Bir zalimi durduracak iç mekanizma, ahiret korkusu ve vicdandır. Bunlar ya kendi kendine harekete geçerler ya da dış tazyikle. Ama İsrail, zulümde sınır tanımıyor. Çünkü ahiret inancına veya ona benzer bir inanca sahip değil. Dolayısıyla vicdan da işlevsiz hale gelmiş. Neticede bir şekilde vicdanını rahatlatma gereğini de duymuyor.
Batılılar da en az İsrail kadar zalimdirler. Ama onların işledikleri korkunç zulümlerden sonra vicdanlarını nasıl rahatlattıklarını, hatta iç ve dış baskılarla bir yerde zulümlerine ara verme gereğini duyduklarını biliyoruz. Malum, bizim "tövbe"mize tekabül eden bir "günah çıkarma"ları var Hristiyanların. Her türlü günahı işledikten sonra bir kimse, kiliseye gidip gizli bir bölmede papaza günahını itiraf eder, Papaz da onu o günahtan arındırır. Çünkü inançlarına göre Papazın Tanrı adına günahları bağışlama yetkisi vardır. Vicdanı da rahatlar. Neticede hesap ahirete kalmamış (!) olur.

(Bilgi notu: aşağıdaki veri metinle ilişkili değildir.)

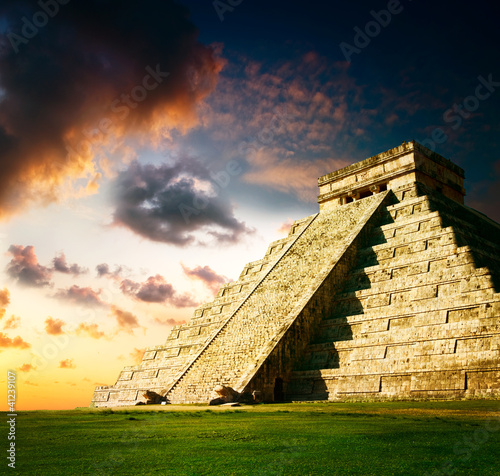 Naklejka samoprzylepna Piramida Majów w Chichen Itza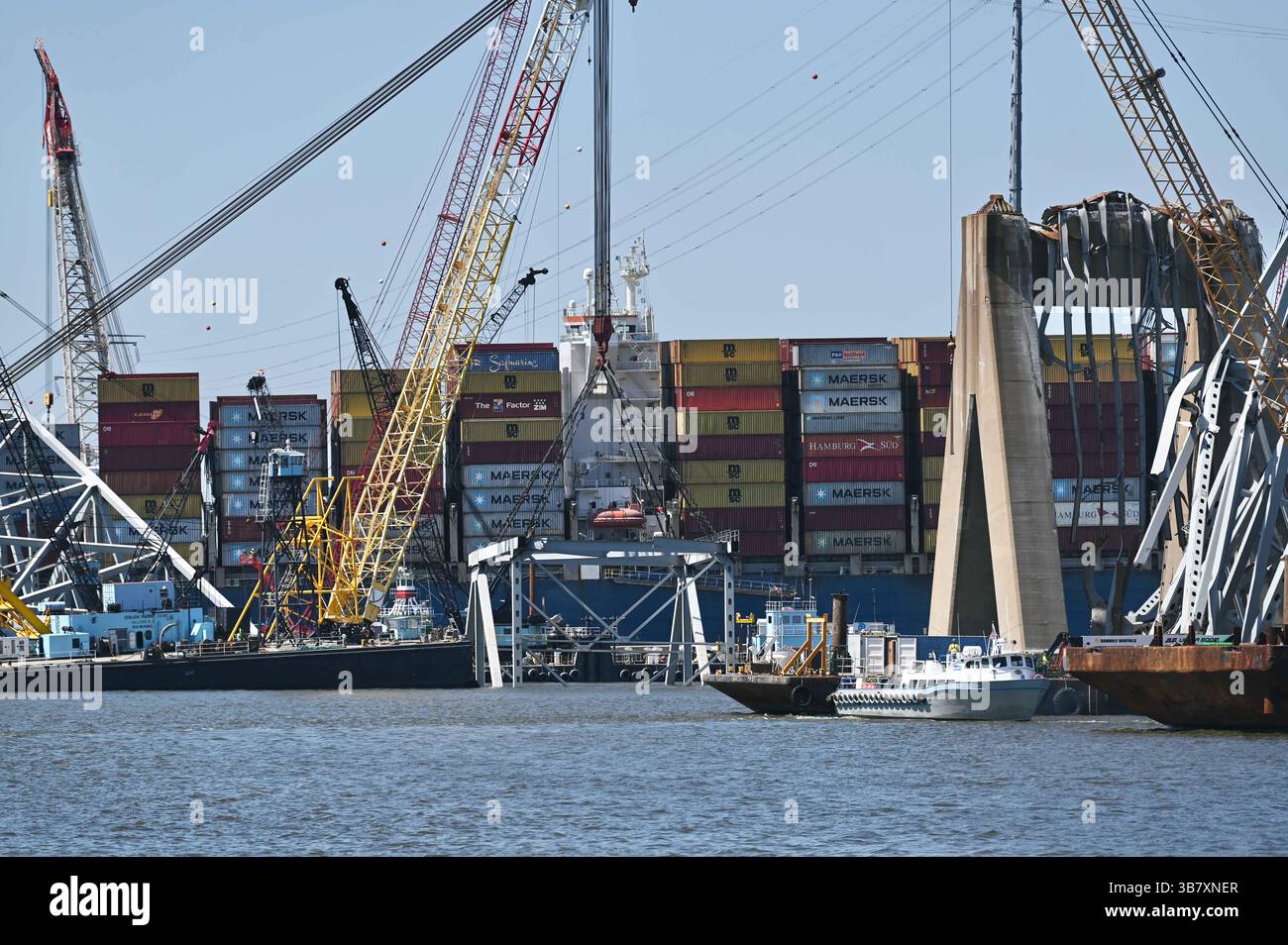 16 aprile 2024, Dundalk, MD, Stati Uniti d'America: Gru per chiatte lavoro per rimuovere capriate dal crollato Francis Scott Key Bridge intorno alla nave da carico MV Dali che blocca il canale di Fort McHenry, 16 aprile 2024, vicino a Dundalk, Maryland. Il ponte fu colpito dalla nave portacontainer di 984 piedi il 26 marzo e crollò uccidendo sei lavoratori. (Immagine di credito: © Mdgovpics/Maryland Governor/Planet Pix via ZUMA Press Wire) Foto Stock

Bunların dinle, inançla alakası kalmamış laikleri de hemen hemen aynı mantıkla hareket ederler. Kültürel süreklilik ne de olsa. Yüz yıllardır gözlemlediğimiz gibi dünyanın her tarafında akıl almaz zulümlere imza attıktan sonra, artık amaçlarına ulaştıklarını düşündükleri bir zaman diliminde çıkıp özür dileyerek bu suçtan sıyrıldıklarını düşünürler. Dindarının "günah çıkarması" laikinde "özür dileme" formuna bürünmüş.
Hem Müslümanların "tövbe"si, hem de Hristiyanların "günah çıkarma"sı eninde sonunda Allah'ın huzuruna çıkıp hesap verme korkusunun bir yansımasıdır. Tanrıyı öldürdüklerini (!), dolayısıyla "günah çıkarma"ya gerek olmadığını düşünen laik batılıların "özür dilemesi" ise vicdan azabından kurtulma çabasının ifadesidir.
Ancak Yahudilerde Müslümanların "tövbe"sini ve Hristiyanların "günah çıkarma"sını hatırlatan kuralın işlediğine pek rastlanmıyor. Sadece kendi dinlerinin mensuplarına karşı işlenen suçlarda tövbe mekanizmasından söz edilebilir.